[Dataset entries]

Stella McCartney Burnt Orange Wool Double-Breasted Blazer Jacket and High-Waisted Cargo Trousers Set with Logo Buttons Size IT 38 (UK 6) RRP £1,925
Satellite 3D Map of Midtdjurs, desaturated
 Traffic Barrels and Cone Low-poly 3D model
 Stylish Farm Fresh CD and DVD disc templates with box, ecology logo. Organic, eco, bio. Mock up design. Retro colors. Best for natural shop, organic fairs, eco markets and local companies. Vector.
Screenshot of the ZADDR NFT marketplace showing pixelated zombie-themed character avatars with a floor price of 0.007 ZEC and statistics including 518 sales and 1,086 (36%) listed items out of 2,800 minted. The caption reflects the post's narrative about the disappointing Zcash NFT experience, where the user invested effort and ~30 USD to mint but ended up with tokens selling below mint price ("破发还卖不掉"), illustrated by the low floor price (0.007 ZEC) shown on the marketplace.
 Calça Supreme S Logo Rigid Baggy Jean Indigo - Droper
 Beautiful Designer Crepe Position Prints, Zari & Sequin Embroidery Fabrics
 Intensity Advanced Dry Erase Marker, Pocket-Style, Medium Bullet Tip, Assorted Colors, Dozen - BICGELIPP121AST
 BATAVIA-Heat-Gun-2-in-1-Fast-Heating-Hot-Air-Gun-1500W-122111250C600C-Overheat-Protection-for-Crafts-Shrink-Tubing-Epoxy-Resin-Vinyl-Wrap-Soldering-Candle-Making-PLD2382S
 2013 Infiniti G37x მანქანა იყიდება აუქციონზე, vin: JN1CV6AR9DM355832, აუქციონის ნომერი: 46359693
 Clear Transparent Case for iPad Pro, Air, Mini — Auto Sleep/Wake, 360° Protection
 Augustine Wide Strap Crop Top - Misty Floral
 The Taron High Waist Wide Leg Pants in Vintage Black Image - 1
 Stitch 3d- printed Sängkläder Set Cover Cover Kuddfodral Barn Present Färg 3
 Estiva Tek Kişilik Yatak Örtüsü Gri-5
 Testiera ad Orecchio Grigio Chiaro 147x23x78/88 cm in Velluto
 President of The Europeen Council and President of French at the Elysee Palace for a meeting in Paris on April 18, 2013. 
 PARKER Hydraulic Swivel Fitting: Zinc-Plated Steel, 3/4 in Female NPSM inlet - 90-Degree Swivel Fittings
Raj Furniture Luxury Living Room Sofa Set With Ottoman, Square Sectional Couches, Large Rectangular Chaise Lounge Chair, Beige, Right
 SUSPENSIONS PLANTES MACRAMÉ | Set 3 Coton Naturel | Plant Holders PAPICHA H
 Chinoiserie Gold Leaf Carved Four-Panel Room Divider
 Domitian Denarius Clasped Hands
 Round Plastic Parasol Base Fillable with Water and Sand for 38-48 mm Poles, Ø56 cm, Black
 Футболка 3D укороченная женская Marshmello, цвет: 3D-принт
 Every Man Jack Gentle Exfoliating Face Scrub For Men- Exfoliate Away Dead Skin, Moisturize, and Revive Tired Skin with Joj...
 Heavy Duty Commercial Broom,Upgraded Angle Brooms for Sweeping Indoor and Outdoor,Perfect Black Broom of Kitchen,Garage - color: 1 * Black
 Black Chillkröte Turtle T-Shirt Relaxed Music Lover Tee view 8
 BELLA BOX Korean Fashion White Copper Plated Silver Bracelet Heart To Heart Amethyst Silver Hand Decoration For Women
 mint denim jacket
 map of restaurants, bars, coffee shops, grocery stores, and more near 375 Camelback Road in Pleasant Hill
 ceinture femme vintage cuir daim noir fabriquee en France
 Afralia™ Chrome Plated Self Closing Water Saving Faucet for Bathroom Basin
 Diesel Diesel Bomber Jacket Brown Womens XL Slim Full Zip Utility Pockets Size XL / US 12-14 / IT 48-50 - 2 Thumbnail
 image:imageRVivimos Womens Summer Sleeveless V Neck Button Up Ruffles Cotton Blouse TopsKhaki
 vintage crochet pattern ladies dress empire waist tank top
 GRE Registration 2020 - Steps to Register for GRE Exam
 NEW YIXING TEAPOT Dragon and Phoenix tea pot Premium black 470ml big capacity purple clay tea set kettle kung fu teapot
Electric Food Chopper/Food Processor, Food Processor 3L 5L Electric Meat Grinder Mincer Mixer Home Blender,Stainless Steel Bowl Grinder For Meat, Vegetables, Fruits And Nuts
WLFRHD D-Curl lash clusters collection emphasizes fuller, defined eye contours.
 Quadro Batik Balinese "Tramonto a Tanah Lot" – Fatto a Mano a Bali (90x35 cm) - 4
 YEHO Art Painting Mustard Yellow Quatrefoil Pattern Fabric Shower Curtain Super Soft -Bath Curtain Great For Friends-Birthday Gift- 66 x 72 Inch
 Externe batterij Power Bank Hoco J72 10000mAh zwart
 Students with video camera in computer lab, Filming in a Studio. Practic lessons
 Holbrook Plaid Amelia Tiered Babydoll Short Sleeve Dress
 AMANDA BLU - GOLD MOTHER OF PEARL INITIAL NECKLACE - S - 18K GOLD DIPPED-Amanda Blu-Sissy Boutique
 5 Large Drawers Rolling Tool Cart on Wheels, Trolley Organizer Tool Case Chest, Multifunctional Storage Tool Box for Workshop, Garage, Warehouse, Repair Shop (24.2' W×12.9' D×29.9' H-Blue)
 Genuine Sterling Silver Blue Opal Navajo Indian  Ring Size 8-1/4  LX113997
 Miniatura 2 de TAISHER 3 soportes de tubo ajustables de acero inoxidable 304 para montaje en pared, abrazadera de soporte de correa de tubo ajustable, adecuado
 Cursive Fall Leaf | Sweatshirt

▶ Prompt: Among the entries above, find the line with "2013 Infiniti G37x" and the line with "BELLA BOX Korean"; give again exactly these two lines and all lines between them.

▶ Answer below:
 2013 Infiniti G37x მანქანა იყიდება აუქციონზე, vin: JN1CV6AR9DM355832, აუქციონის ნომერი: 46359693
 Clear Transparent Case for iPad Pro, Air, Mini — Auto Sleep/Wake, 360° Protection
 Augustine Wide Strap Crop Top - Misty Floral
 The Taron High Waist Wide Leg Pants in Vintage Black Image - 1
 Stitch 3d- printed Sängkläder Set Cover Cover Kuddfodral Barn Present Färg 3
 Estiva Tek Kişilik Yatak Örtüsü Gri-5
 Testiera ad Orecchio Grigio Chiaro 147x23x78/88 cm in Velluto
 President of The Europeen Council and President of French at the Elysee Palace for a meeting in Paris on April 18, 2013. 
 PARKER Hydraulic Swivel Fitting: Zinc-Plated Steel, 3/4 in Female NPSM inlet - 90-Degree Swivel Fittings
Raj Furniture Luxury Living Room Sofa Set With Ottoman, Square Sectional Couches, Large Rectangular Chaise Lounge Chair, Beige, Right
 SUSPENSIONS PLANTES MACRAMÉ | Set 3 Coton Naturel | Plant Holders PAPICHA H
 Chinoiserie Gold Leaf Carved Four-Panel Room Divider
 Domitian Denarius Clasped Hands
 Round Plastic Parasol Base Fillable with Water and Sand for 38-48 mm Poles, Ø56 cm, Black
 Футболка 3D укороченная женская Marshmello, цвет: 3D-принт
 Every Man Jack Gentle Exfoliating Face Scrub For Men- Exfoliate Away Dead Skin, Moisturize, and Revive Tired Skin with Joj...
 Heavy Duty Commercial Broom,Upgraded Angle Brooms for Sweeping Indoor and Outdoor,Perfect Black Broom of Kitchen,Garage - color: 1 * Black
 Black Chillkröte Turtle T-Shirt Relaxed Music Lover Tee view 8
 BELLA BOX Korean Fashion White Copper Plated Silver Bracelet Heart To Heart Amethyst Silver Hand Decoration For Women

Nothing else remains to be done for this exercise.